Hello fellow riders! I'm a noob and have been happy reading the threads. This one has been left unanswered and I am curious, has no one here ever tried the Pure Race Superlight wheels?:thumbsup:


----------



## TomH (Oct 6, 2008)

They're an extremely good value for the money. More than a few guys on here have them. They wont win you any fashion shows, they just work. No gimmicks or funny junk you dont need, just a good set of wheels. 

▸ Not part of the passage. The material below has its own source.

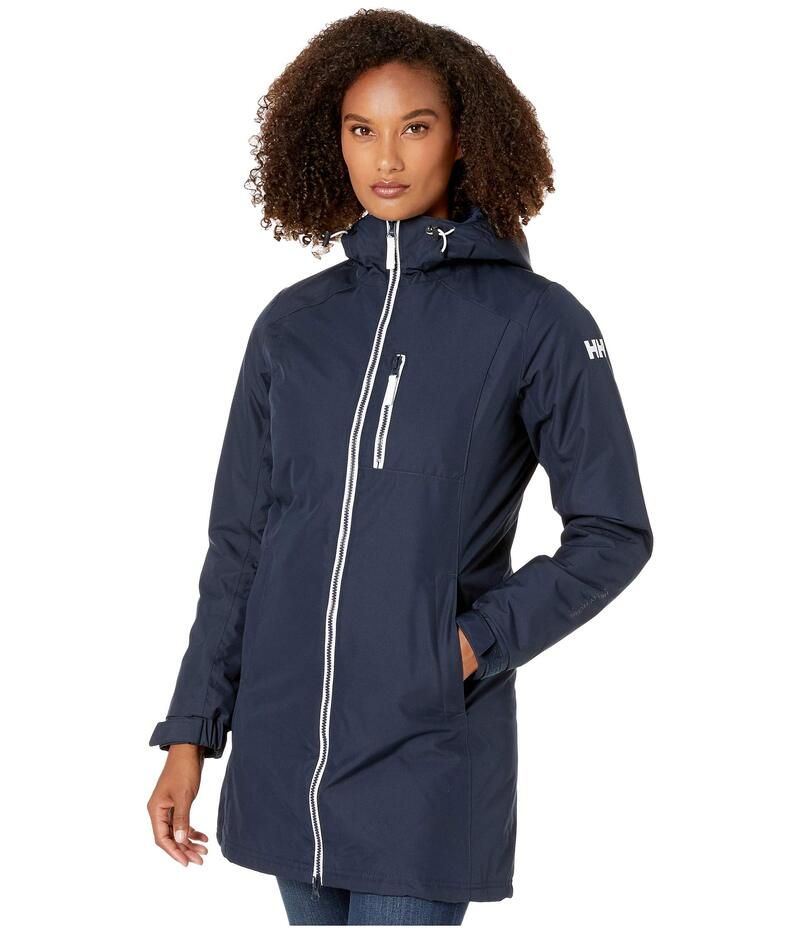 ヘリーハンセン レディース アウター コート ジャケット Helly Hansen Long Belfast Winter Jacket Navy ネイビー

They wont however, make you any faster.


----------



## Mike T. (Feb 3, 2004)

odyofael said:


> Bump.
> Hello fellow riders! I'm a noob and have been happy reading the threads. This one has been left unanswered and I am curious, has no one here ever tried the Pure Race Superlight wheels?:thumbsup:


My version of these fine wheels are the Blackset Race with Sapim CX-Ray aero spokes listed on their Superlight page as the Blackset Race with "Podium" build (CX-Rays) -

http://www.bicyclewheelwarehouse.co...-less/pure-race-superlight-700c/prod_149.html

http://www.bicyclewheelwarehouse.com/road/road-wheel-build-levels/prod_175.html

Mine weigh 1410 grams. Blackset Race/BSR 10/BSR 11/Pure Race Superlight (all versions of the same basic theme but with updated rims) are an excellent value especially when weight is considered. Mine have been perfect for 1.5 years. You can pay lots more for heavier wheels.

Here's a  review  I did of mine last summer.


----------



## Lou N (Feb 27, 2012)

*Pure Aero Wheels for Tarmac*

All,

Getting back into road biking and I just picked up a 2008 Specialized Tarmac Pro. I probably paid a bit too much since the wheels (Roval Paves) are looking like there close to the wear limit. I had my LBS checkout the bike before I bought it and he said the wheels would be ok for another season, but the brake surface looks pretty worn to me. 

The bike has some SRAM Red and some SRAM Force (brakes and front derailleur), new tires, cables, a compact crank set and carbon crank arms. In retrospect I probably should have looked a little harder, but I'm terrible when it comes to buying used stuff (I'm never satisfied that I got a good deal - damn OCC 

I want to switch out the cassette to a larger cog 26 or 28 set, so it seems like it would be a good time to upgrade my wheels.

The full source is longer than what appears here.